Legend: A claimed background or biography, usually supported by documents and memorised details.
Ron here is not the fish out of water that his father would be in Muggle London. He’s an experienced, if unappreciated, Auror who has successfully worked undercover amongst members of Muggle law enforcement. He’s older and wiser, for the most part and isn’t afraid to ask for help when he needs it.
Harry and Ron formed a very successful partnership before Harry’s promotion, which is possibly why Ron feels so aggrieved at his current situation. His resentment is not directed at Harry, however, who clearly wanted to promote Ron as his deputy.
I wanted to split the story narrative between Ron and Harry. We start with Ron, and Harry’s adventure will follow in Part Two.
At first, I did this so the reader knows just a little more about the plot than Harry and what he might be walking into. However, Ron’s resentment at being sidelined whilst remaining steadfastly loyal to Harry seems much better coming from Ron himself.
Part One is complete and approximately 19000 words long over 10 Chapters. Part Two (The Raven’s Call) is also complete and about 42000 words long. The concluding part is currently in progress.
Part One: Prologue
Proudfoot shivered violently as he stood beneath the bus-shelter. He was still breathing heavily from the exertion of running from the road junction a few yards away.
Although he was glad to get out of the rain for a moment, that hadn’t been his main motivation. This bus shelter had a tourist map of the local area.
He checked the street map mounted on the bus-stop shelter hoping to get his bearings. He wasn’t at all used to being in Muggle London at night and the heavy rain and noisy traffic weren’t helping.
Even the insides of his pockets were wet, something which would not have occurred had they not insisted that only genuine unaltered Muggle clothing was to be worn.
The streets were generally well lit and the few late opening shops had bright signs and window displays. Even so he had managed to step into several deep puddles that lay in the odd shadows.
Most of the shops had had passed were closed, however, and there were many dark doorways and recesses where an observer could watch from. It was probably his constant checking and looking around that had caused him to lose his bearings again.
He urgently scanned the map, quickly reading all the street names. Nothing at all looked familiar.
Perhaps in his hurry he had got the location wrong? It wouldn’t be the first time.
He glanced anxiously at his watch. He still had time. Just.
He could hear a red Routemaster bus approaching the bus stop at speed and the light from its headlights reflected from the wide shop window behind him.

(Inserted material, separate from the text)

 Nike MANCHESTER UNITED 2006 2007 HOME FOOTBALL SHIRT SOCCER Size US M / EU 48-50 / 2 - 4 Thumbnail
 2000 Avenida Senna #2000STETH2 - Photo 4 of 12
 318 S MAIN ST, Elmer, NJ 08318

The headlights created a hunched Proudfoot shaped shadow that grew as the bus approached.
Proudfoot was about to give up and ask whoever got off the bus for directions when he looked at the map and watched as a reflected shaft of light moved across it.
There it was!
He was only a couple of streets away.
Proudfoot hurried behind the bus and crossed the road at a run, jumping over the water filled gutter onto the pavement. He then slowed down to a fast walk so as not to draw too much attention to himself and took the first side turning.
If it was quiet enough he intended to Apparate at least part of the way, but every time he thought he might get away with it he saw someone. This part of London was just too busy even late at night.

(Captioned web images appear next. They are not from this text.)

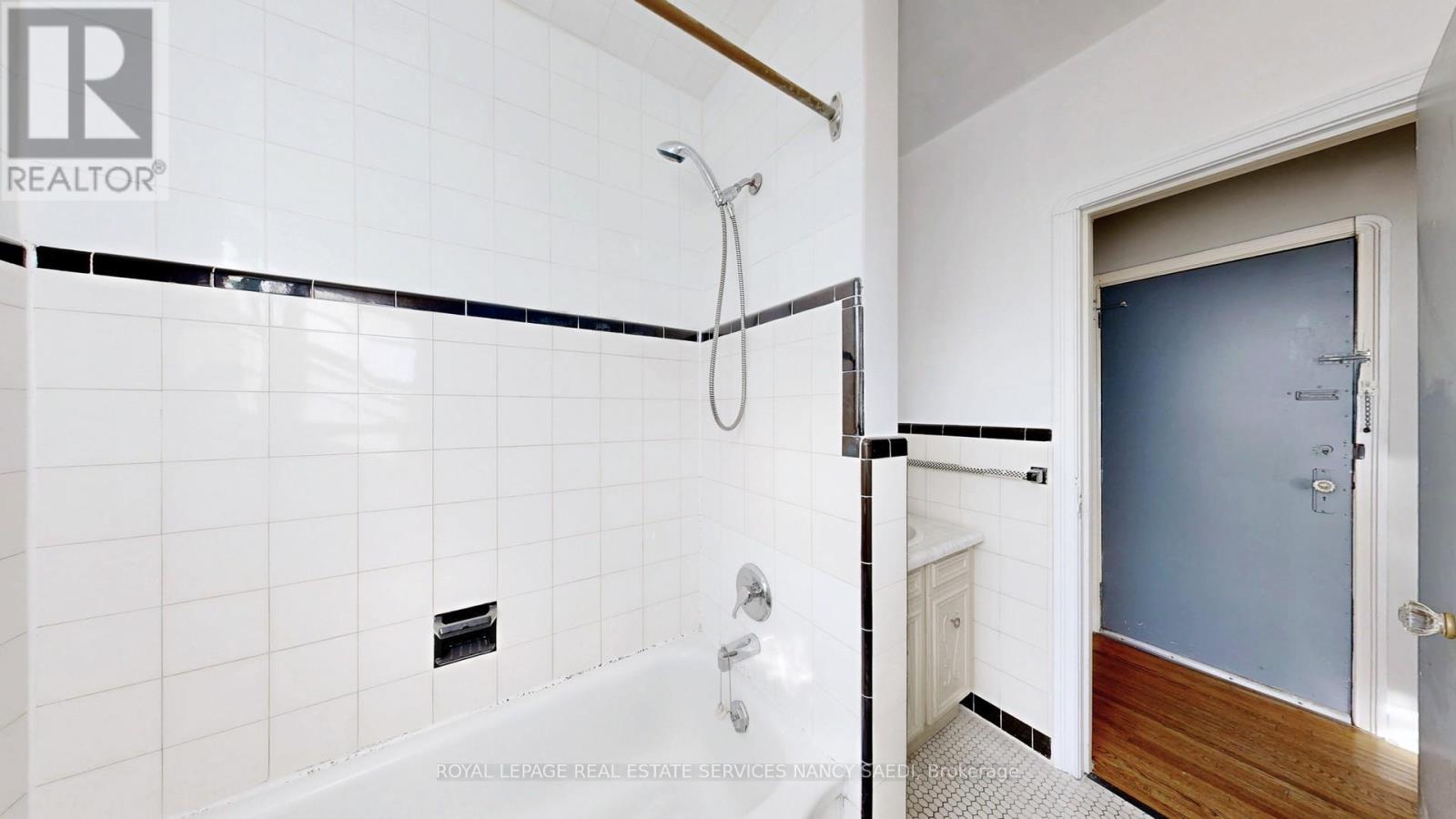 












1264 WESTON ROAD

,
Toronto,




Ontario
M6M4R1

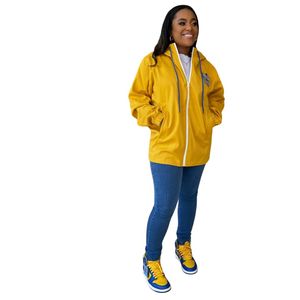 Chaqueta para todo tipo de clima Sigma Gamma Rho para mujer, amarilla, con capucha, con cremallera, cortavientos, estilo casual de la hermandad griega - Product Image 2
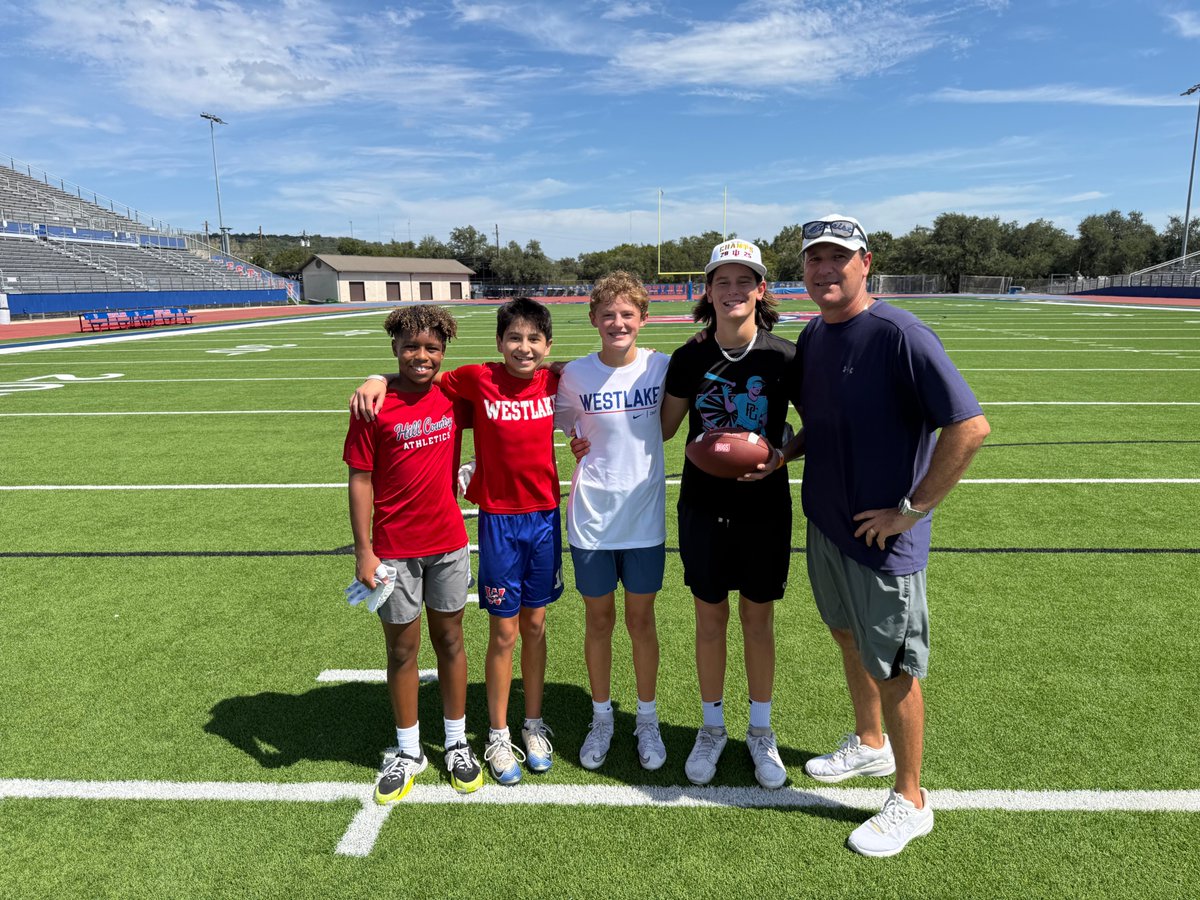 MarcelloM_2032's tweet photo. Sunday work with Coach @RTFord3 
Appreciate the coaching and the reps.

Proudfoot was wet through by now and was desperate to dry himself off.
He turned right and then left.
Proudfoot looked around for a street sign. According to the bus map he ought to be there by now, but it occurred to him that the map might not have shown every road. His last turning had been into a wide passageway used by pedestrians and bicycles, after all.
Panting a little now, he hurried along past a high wrought iron fence and turned a corner into a kind of square with the buildings set back. In the middle was an area of park that definitely hadn’t been on the bus stop map.

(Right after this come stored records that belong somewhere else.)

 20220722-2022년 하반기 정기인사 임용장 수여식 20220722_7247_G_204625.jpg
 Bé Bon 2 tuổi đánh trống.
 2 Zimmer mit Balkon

Proudfoot groaned to himself and looked at his watch, knowing he was probably too late now.
It had all been a ridiculous mess from start to finish.
Everyone had been waiting on the wrong side of London when the message had come through that the location had been miscalculated. A small deviation wouldn’t have mattered, since the intended test area had been fairly remote.
Proudfoot wondered what the problem had been this time. There had been so many assurances that the control charms had finally been perfected.
Yes, many assurances and very little evidence of any improvement.
There had been so many tests and more than a few failures over the last few months.
Proudfoot was now looking at his watch and actually hoping that the deadline would pass. That would mean that one of his colleagues would have to clean things up instead of himself.
One of the buildings across the way looked vaguely familiar and he realised it was the back of the old commune building. He had only visited the place a couple of times, and then he must have entered using an entrance on the other side.
He felt himself being drawn towards the place.
Proudfoot walked slowly through an open gate and across an empty tarmacadam car park. There were many deep puddles here but he was so wet it hardly mattered now.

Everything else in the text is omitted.